Goal of the exercise
Set down, exactly as they stand, the lines from the one containing "Men's Ex-Demo - Aegis" through the last line of the records below, leaving every picture out.

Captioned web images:

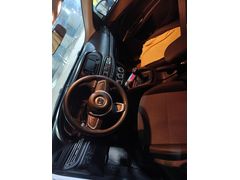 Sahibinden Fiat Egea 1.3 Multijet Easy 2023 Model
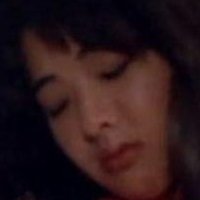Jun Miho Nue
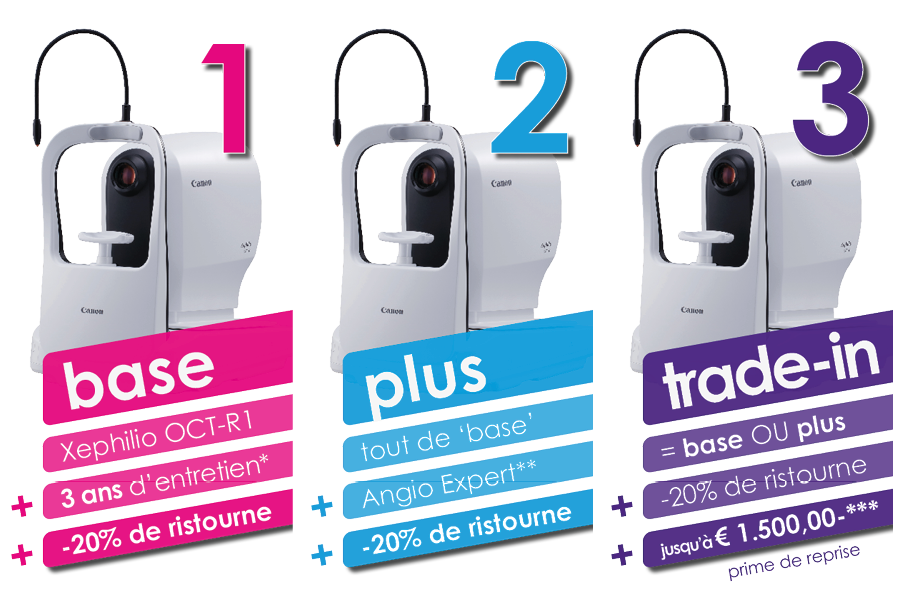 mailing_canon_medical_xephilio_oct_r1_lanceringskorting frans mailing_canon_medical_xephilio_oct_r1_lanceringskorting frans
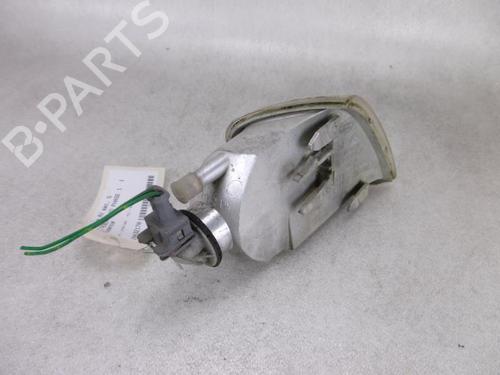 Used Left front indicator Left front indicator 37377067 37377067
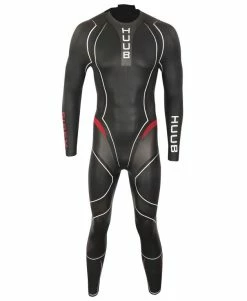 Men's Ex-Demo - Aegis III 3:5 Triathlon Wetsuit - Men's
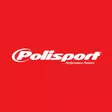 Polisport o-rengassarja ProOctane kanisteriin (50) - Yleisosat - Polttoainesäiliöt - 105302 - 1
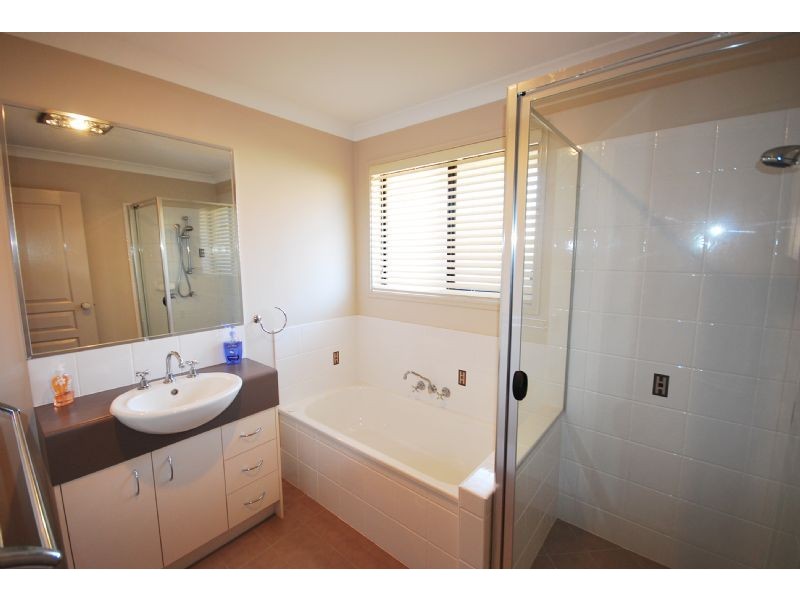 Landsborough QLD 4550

Result for this exercise
 Men's Ex-Demo - Aegis III 3:5 Triathlon Wetsuit - Men's
 Polisport o-rengassarja ProOctane kanisteriin (50) - Yleisosat - Polttoainesäiliöt - 105302 - 1
 Landsborough QLD 4550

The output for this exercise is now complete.